§ **Problem details**
Scan the records for the word "Crown". Return each line where it is found.

*** Opening of Records shown ***

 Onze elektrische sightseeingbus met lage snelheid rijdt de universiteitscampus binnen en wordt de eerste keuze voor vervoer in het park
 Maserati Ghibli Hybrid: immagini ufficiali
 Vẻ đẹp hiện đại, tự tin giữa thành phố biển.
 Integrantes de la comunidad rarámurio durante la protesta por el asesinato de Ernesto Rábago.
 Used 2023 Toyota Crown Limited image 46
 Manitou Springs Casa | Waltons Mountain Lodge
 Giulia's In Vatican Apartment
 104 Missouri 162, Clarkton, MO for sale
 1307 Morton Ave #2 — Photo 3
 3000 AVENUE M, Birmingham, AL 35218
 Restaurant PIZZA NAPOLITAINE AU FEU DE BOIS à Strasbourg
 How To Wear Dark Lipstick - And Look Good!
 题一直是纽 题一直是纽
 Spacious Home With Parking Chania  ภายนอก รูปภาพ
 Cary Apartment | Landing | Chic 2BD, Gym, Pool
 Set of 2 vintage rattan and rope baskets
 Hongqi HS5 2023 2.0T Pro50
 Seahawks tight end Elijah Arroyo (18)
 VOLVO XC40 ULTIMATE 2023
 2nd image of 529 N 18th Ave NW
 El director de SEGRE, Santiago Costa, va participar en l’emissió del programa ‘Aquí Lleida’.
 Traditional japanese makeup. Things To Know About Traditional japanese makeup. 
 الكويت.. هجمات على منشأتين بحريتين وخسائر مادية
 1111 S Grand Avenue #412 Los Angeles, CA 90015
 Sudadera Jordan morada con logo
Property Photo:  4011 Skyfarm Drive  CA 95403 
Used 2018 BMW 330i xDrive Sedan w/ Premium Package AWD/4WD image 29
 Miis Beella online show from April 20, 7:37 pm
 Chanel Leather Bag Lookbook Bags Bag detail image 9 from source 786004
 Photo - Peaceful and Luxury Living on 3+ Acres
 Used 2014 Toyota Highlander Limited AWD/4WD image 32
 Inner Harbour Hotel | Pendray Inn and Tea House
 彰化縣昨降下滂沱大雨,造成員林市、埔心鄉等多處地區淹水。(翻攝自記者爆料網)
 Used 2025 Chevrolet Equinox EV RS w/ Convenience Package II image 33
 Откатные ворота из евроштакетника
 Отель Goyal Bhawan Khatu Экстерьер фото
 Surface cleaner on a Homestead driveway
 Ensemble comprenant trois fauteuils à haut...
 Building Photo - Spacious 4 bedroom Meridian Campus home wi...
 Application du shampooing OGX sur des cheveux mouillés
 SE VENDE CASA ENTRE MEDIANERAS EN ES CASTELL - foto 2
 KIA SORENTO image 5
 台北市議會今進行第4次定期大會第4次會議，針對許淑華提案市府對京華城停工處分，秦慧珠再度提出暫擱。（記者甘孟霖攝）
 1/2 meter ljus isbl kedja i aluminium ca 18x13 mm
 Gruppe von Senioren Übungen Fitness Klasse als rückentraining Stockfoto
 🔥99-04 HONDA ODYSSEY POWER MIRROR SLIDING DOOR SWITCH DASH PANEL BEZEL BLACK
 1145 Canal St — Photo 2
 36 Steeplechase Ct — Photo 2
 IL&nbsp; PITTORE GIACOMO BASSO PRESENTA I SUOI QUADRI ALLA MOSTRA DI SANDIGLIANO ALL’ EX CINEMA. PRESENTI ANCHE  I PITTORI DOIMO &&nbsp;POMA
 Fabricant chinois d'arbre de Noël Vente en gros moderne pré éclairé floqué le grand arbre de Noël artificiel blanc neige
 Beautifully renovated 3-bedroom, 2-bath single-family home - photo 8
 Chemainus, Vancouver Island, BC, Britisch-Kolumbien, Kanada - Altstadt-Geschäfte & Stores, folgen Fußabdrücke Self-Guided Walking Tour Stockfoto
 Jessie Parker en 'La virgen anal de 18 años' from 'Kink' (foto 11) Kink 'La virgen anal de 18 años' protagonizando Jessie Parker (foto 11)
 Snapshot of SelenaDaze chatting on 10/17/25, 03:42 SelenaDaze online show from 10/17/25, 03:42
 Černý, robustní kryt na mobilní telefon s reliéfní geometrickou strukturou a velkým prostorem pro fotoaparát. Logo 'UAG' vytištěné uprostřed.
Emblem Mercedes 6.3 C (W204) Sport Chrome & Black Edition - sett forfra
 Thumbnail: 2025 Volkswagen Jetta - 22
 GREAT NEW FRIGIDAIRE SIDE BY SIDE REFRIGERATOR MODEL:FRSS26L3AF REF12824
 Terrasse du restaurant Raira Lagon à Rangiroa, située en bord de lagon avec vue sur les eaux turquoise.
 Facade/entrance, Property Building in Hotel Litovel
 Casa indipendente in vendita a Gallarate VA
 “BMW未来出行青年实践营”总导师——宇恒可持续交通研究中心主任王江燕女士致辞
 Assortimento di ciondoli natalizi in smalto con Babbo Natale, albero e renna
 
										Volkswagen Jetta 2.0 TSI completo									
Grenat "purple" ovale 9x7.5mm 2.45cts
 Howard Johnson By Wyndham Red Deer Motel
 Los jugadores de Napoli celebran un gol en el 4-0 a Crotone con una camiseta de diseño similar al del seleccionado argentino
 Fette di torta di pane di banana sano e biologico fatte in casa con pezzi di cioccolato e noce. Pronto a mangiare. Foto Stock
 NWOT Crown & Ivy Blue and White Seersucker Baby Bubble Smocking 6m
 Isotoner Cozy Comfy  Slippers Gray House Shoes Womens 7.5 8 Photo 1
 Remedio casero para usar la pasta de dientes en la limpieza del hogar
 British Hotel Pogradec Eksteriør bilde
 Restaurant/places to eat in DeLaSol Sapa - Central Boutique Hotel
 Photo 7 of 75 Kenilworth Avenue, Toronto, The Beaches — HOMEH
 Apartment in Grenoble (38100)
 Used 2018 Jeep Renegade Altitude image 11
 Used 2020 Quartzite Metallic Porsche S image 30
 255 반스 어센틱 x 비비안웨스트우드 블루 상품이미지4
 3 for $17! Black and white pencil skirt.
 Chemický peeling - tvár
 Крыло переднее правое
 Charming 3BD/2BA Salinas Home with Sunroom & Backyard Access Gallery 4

*** Close of Records shown ***

§ **Written reply**
 Used 2023 Toyota Crown Limited image 46
 NWOT Crown & Ivy Blue and White Seersucker Baby Bubble Smocking 6m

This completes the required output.